## RECORDS PROVIDED
━━━━━━━━━━━━━━━━━━━━
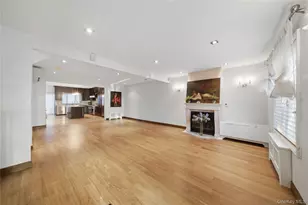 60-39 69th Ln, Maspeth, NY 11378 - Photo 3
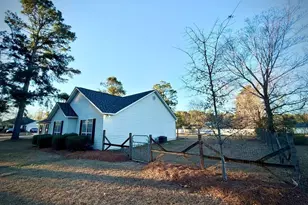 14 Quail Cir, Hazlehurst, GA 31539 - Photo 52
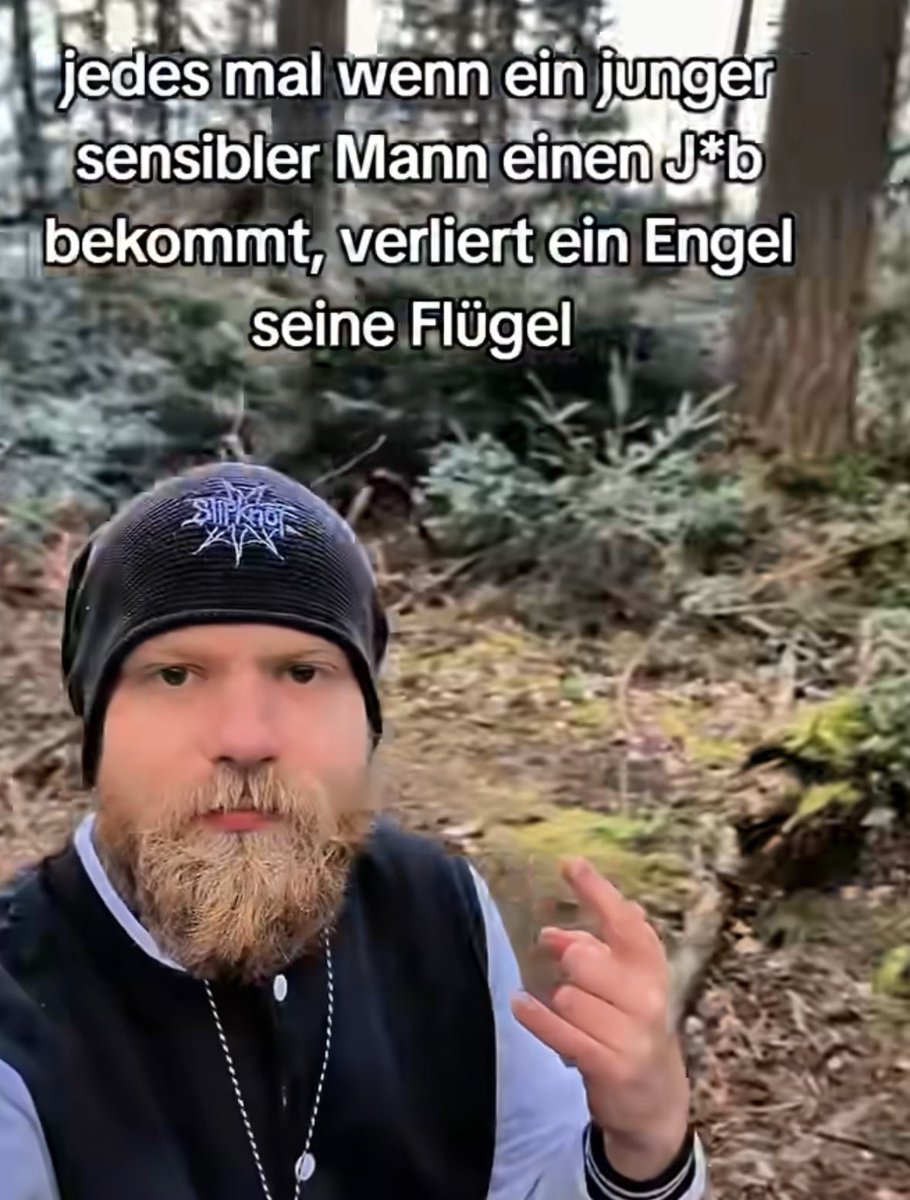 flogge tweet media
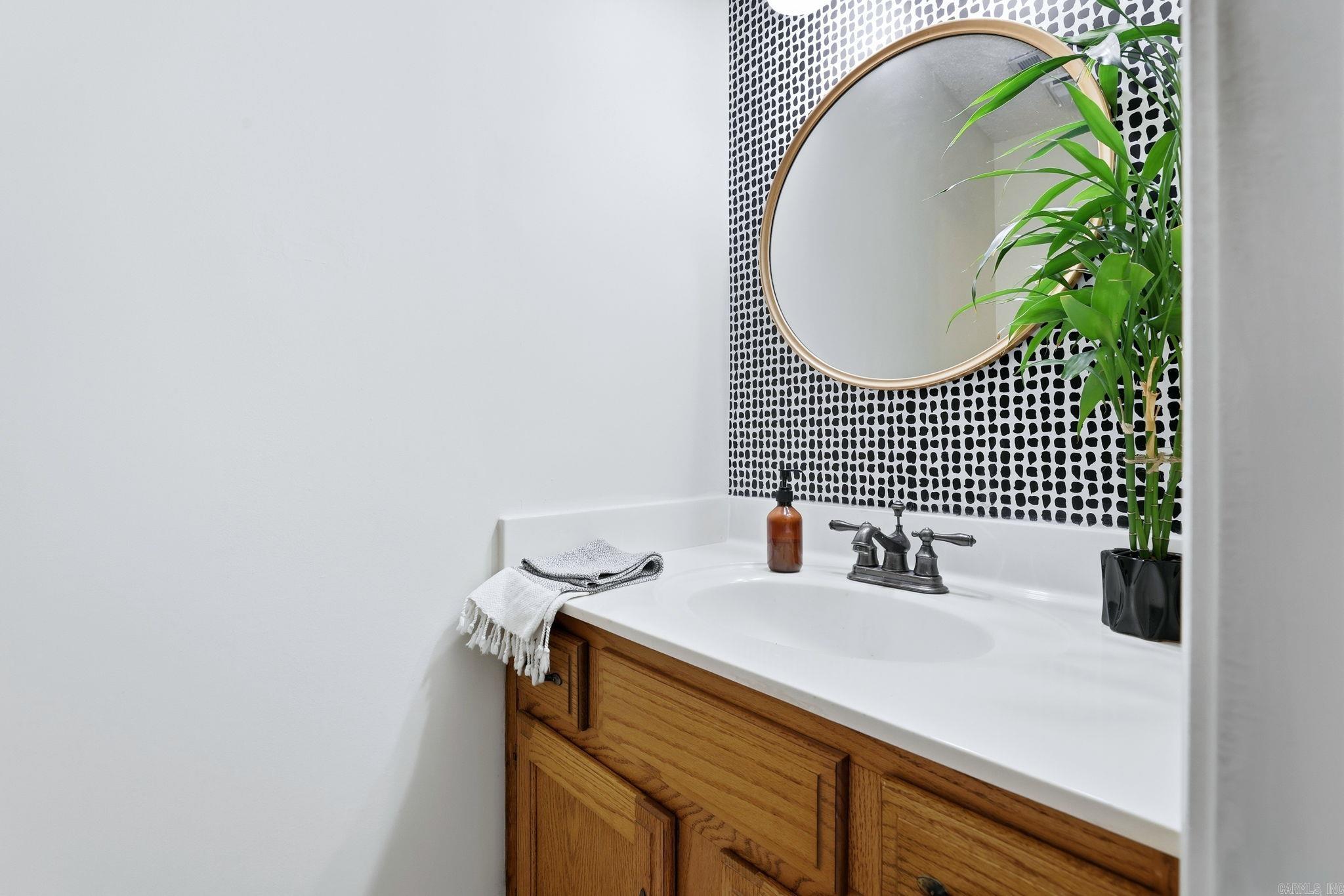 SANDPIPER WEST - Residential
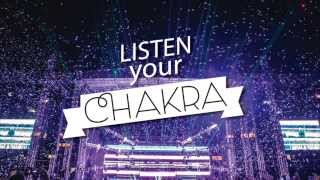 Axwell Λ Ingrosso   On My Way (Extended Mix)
━━━━━━━━━━━━━━━━━━━━
## WHAT IS BEING ASKED
Everything in the listing above must be retyped exactly, except for the pictures.

## SOLUTION FOR THIS TASK
 60-39 69th Ln, Maspeth, NY 11378 - Photo 3
 14 Quail Cir, Hazlehurst, GA 31539 - Photo 52
 flogge tweet media
 SANDPIPER WEST - Residential
 Axwell Λ Ingrosso   On My Way (Extended Mix)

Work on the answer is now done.